Namun tidak semua pemda mengikuti intruksi gubernur. Seperti di Kota Ternate, Dinas Pendidikan dan Kebudayaan setempat mengambil sikap berlawanan. Instansi pendidikan itu tidak mau meliburkan sekolah tingkat dasar (SD) dan menegah pertama (SMP).

Bacaan Lainnya

Kepada Haliyora.com, Sekertaris Dinas Pendidikan Kota ternate, Mahmud J.AR mengatakan, pihak dinas setempat tidak mau mengikuti intruksi gubernur untuk meliburkan sekolah.

“Walaupun Sudah ada perintah dari Pemerintah provinsi untuk meliburkan sekolah terkait corona, tapi kami dari dinas pendidikan Kota Ternate tidak akan mengikuti”, ujar Mahmud, Rabu (18/03/2020) di kantornya.

Alasan tidak mau mengikuti intruksi gubernur itu, menurut Mahmud, karena pemprov tidak mempunyai alternative lain sebagai pengganti proses belajar mengajar ketika siswa diliburkan, sementara dalam waktu dekat ada ujian negara dan ujian sekolah.

“Makanya kami bingung. Kalau di kota-kota besar seperti Jakarta mereka meliburkan sekolah tapi punya alternatif belajar mengajar yang lain sehingga siswa tidak ketinggalan. Nah, kita di Maluku Utara hanya buat edaran atau instruksi tanpa solusi. Jadi siswa akan libur cuma-cuma saja. Makanya kami tidak terima”, jelas

Menurut Mahmud, pemerintah provinsi harus mencari formula atau solusi lain agar proses belajar mengajar tetap berjalan di tengah-tengah ancaman virus corona itu.
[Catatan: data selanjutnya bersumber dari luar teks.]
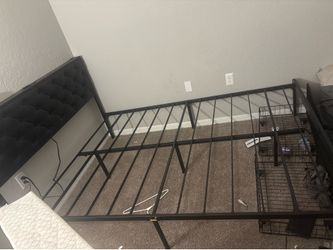 Queen size bed frame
Katanya, Dinas Pendidikan Kota Ternate sementara ini memikirkan cara yang tepat untuk melakukan pencegahan terhadap penyebaran virus corona di lingkungan sekolah, tapi di sisi lain proses belajar mengajar juga harus tetap jalan.

Salah satu solusi yang dipikirkan untuk diterapkan adalah melakukan proses belajar mengajar menggunakan perangkat Hedd phone android atau dikenal dengan instilah sistim android.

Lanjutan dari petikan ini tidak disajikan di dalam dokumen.